Je suis rarement entièrement satisfaite de ce que je fais dans tous les domaines d’ailleurs. Je suis davantage contente quand je gagne alors que c’était loin d’être chose aisée, comme à Quiberon en fin de compte. Donc l’adversité me stimule… me pousse dans mes retranchements. Cependant, je pense justement que le fait de m’aligner sur des courses élites l’an passé m’a permis de me tester. Je ne prenais pas le départ favorite, loin de là !

C’était ta dernière saison en junior. Le passage en U23 est généralement très appréhendé avec le doublement de la distance et parce qu’une faiblesse dans un sport se paye cher, cela ne semble pas te faire peur pourtant, non?
À Montpellier, avec Stéphanie je le travaille depuis mes débuts ce passage. Que ce soit Stéphanie ou Pascal d’ailleurs. Ils m’ont clairement fait comprendre depuis le début que ce doublement de distance devait être anticipé si l’on ne veut pas que tout s’arrête après la catégorie « JUNIOR ». Je n’ai pas envie que cette belle aventure prenne « fin ». Anticiper le CD ne m’a pas empêchée d’être performante sur Sprint, je n’ai aucun doute sur le fait qu’ils ont su me guider dans cet apprentissage. D’autre part, j’ai toujours préféré les efforts plus longs.
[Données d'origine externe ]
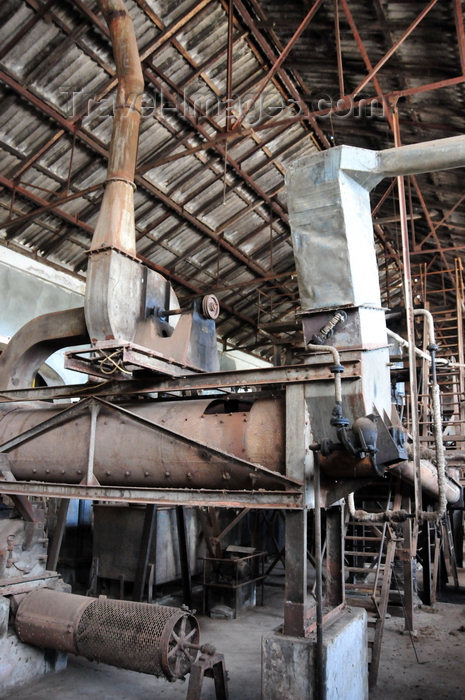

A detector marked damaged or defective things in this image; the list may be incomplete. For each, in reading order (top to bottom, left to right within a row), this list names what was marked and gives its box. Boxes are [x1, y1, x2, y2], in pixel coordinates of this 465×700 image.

rusted steel frame [0, 0, 56, 60]
rusted steel frame [230, 0, 324, 133]
rusted steel frame [234, 0, 328, 148]
rusted steel frame [338, 0, 392, 130]
rusted steel frame [352, 0, 438, 98]
rusted steel frame [3, 183, 103, 232]
rusted steel frame [410, 175, 454, 288]
rusted steel frame [0, 482, 300, 508] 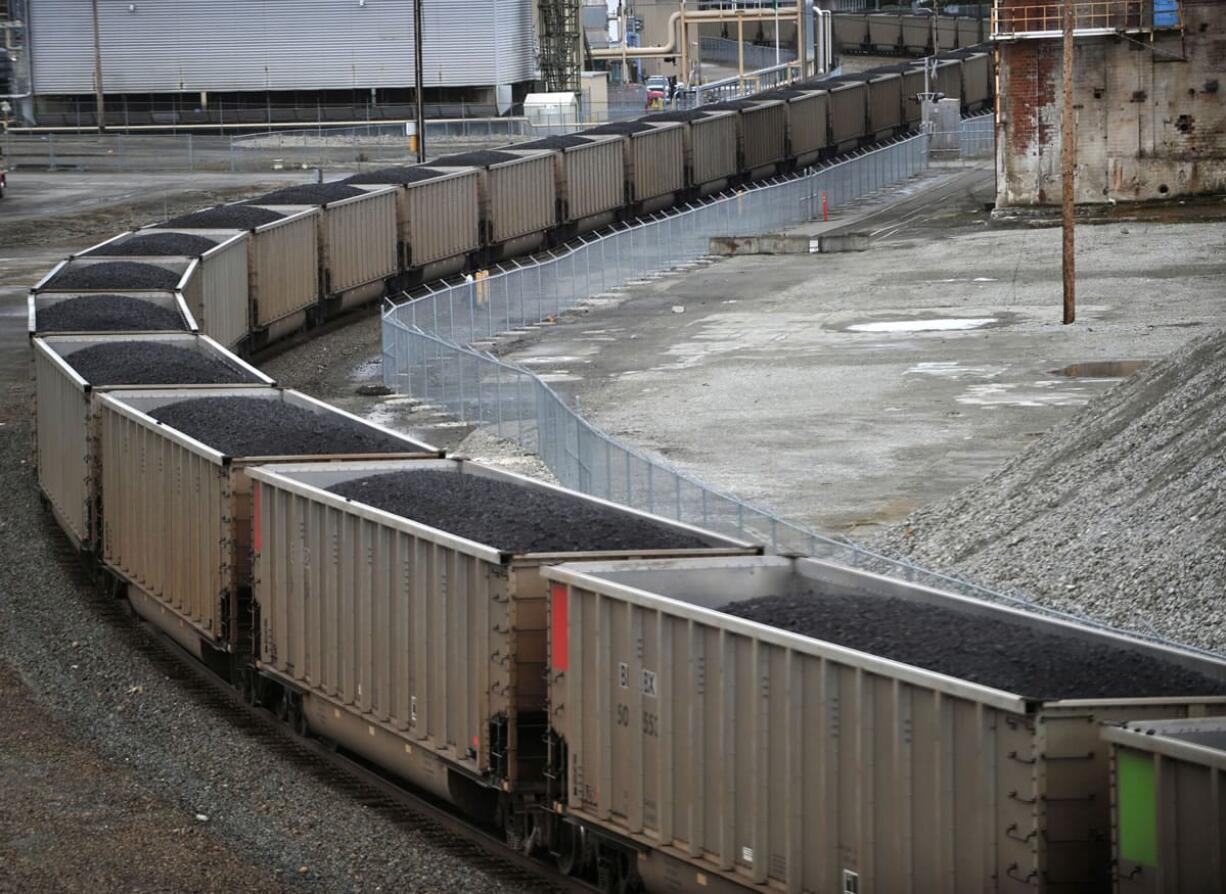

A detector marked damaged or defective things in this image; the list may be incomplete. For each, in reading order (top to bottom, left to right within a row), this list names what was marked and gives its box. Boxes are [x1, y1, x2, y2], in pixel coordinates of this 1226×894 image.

broken brick wall [995, 0, 1226, 206]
Deux heures d’effort cela colle mieux avec mon profil, je pense.

Crois-tu que ton adaptation vient avant tout de ton passé de nageuse? Cela peut paraitre paradoxal puisque tu étais une spécialiste du papillon…
Objectivement, si je n’avais pas nagé pendant toutes ces années, je n’en serais pas là. La natation m’a beaucoup apporté. Cela est un avantage d’arriver de la natation puisque c’est une des trois disciplines qui devient plus difficilement perfectible avec l’âge. Cependant, cela peut aussi être à l’origine de certaines barrières comme une difficulté à retranscrire son niveau en eaux vives, à la bagarre. Le transfert a lieu au niveau physiologique, c’est évident. Toutes les longueurs enchaînées pendant plusieurs saisons m’ont permis de développer le moteur comme on pourrait le dire. Mais l’encadrement dont j’ai bénéficié en arrivant dans le monde du triathlon au pôle explique certainement tout autant le fait que j’ai pu assez rapidement réaliser le transfert.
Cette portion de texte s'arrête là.